Les saints qui ont combattu l’hérésie et le schisme dans les tribunaux de l’Eglise, jusqu’à donner leur sang, comme saint Pierre de Vérone contre les cathares ou saint Josaphat contre les schismatiques orientaux, étaient animés d’un esprit similaire.

La charité matérielle

Il n’est pas de saint qui n’ait eu à cœur de répondre aux besoins matériels de son prochain, suivant en cela les commandements et l’exemple du Sauveur. Les œuvres de miséricorde corporelle constituent l’un des arguments apologétiques les plus clairs en faveur de la sainteté des membres de l’Eglise, lisible par n’importe qui.

Il serait impossible d’épuiser les exemples d’amour des saints pour les pauvres et les malades. Depuis la vente du patrimoine de l’Eglise romaine en faveur des pauvres par l’archidiacre saint Laurent et le manteau de saint Martin, une longue traînée de bonnes œuvres illumine la vie de l’Eglise catholique.

Les hôpitaux de sainte Elisabeth de Hongrie, de saint Jean de Dieu et de saint Camille, les orphelinats de saint Jérôme Emilien, les innombrables œuvres de charité de saint Vincent de Paul, les soins affectueux apportés aux mendiants par saint Jean de Kenty ou saint Thomas de Villeneuve.

Les écoles pour enfants pauvres de saint Joseph Calasanz et de Don Bosco ; les Monts de Pieté pour sauver le peuple des griffes de l’usure, fondés au XVe siècle par les bienheureux Michele Carcano et Bernardin de Feltre ; aucun domaine des besoins humains n’a échappé à l’action des saints.

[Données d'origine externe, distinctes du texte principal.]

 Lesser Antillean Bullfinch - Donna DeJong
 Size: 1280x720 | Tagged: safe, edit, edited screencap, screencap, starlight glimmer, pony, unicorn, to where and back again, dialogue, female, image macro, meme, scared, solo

Nombre d’entre eux n’ont pas hésité à s’exposer aux dangers de la vie ou de la contagion pour aider les malades : on sait que saint Louis de Gonzague a contracté la peste en soulageant les malades, sans s’épargner.

La charité envers les ennemis

Le signe suprême de l’amour évangélique est l’amour envers ceux qui nous font du mal, à l’exemple du Sauveur. Un tel acte dépasse les forces humaines et témoigne de l’intervention des dons de l’Esprit Saint.

Tous les martyrs, depuis saint Etienne, ont pardonné à leurs persécuteurs, souhaitant pour eux le même destin bienheureux que celui dans lequel ils entraient. Ce fut le cas de sainte Maria Goretti (1890-1902) qui, sur son lit de mort, en parlant de son agresseur, dit à sa mère : « Pour l’amour de Jésus, je lui pardonne ; je veux qu’il vienne avec moi au Paradis. »

Saint Jean Gualbert, poussé par la grâce, pardonna au meurtrier de son frère, sur lequel il avait eu l’occasion, selon la coutume barbare de l’époque, d’exercer sa vengeance. C’est de là qu’est née sa conversion.

La diversité de l’action des saints dans l’exercice de l’unique charité est l’expression humainement multiforme de la simplicité de l’amour divin : seule l’Eglise catholique a pu produire une variété aussi grande et constante, précisément parce qu’elle est la seule à refléter la charité de Dieu sur la terre.